Anbara Salam Khalidi () (4 August 1897–May 1986) was a Lebanese feminist, translator and author, who significantly contributed to the emancipation of Arab women.

Early life and education
Khalidi was born into an eminent Lebanese family in Beirut in 1897. She was the daughter of Salim Ali Salam, a deputy in the Ottoman parliament and a merchant, and her mother was a member of the leading families, namely the Barbir and Aghars. Her brother Saeb Salam served as the prime minister. Two of her brothers also held cabinet posts. One of her sisters was the wife of Rashid Karami, Lebanese prime minister.

In 1913 during the First Arab Congress in Paris Khalidi, along with two other women, sent a telegram to the congress. This telegram was the first message that was read aloud.

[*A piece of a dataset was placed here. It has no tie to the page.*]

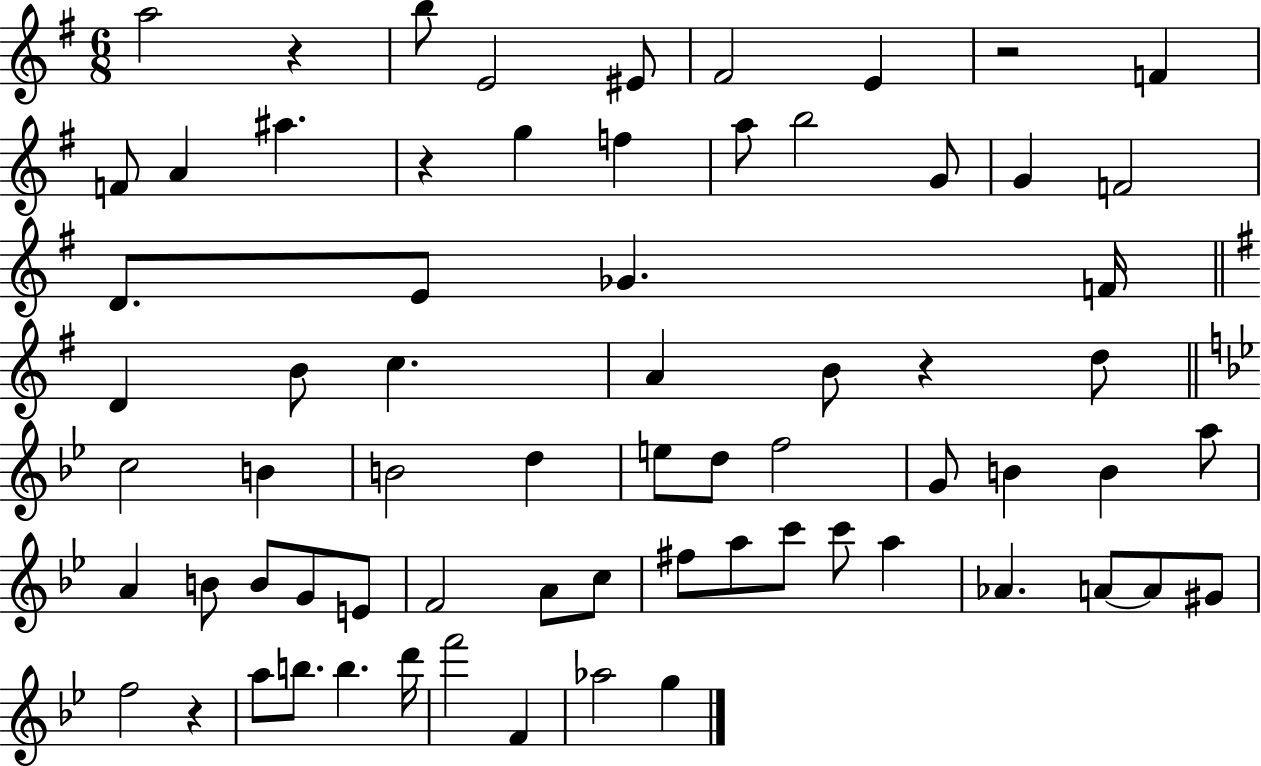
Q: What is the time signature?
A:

She received a modern education and learned French. She and her siblings attended the Anglican Syrian College in Ras Beirut, which is the predecessor of the American University of Beirut. From 1925 to 1927 she studied in the United Kingdom.

Activities
After returning to Beirut, Khalidi joined the pioneering women's movement called Society for Women's Renaissance. She worked there on advancing women's role in society and politics, on encouraging national Lebanese products of textiles and fashion, and on establishing schools for women and advocating for women education. 

In 1927 Khalidi was invited by the American University of Beirut to speak about her time in England. Her speech was called "An Oriental Woman in England". Once she got on stage, she removed her veil. She was the first Muslim woman in Lebanon to publicly abandon the veil.

She was the first to translate Homer's Odyssey and Virgil's Aeneid into Arabic.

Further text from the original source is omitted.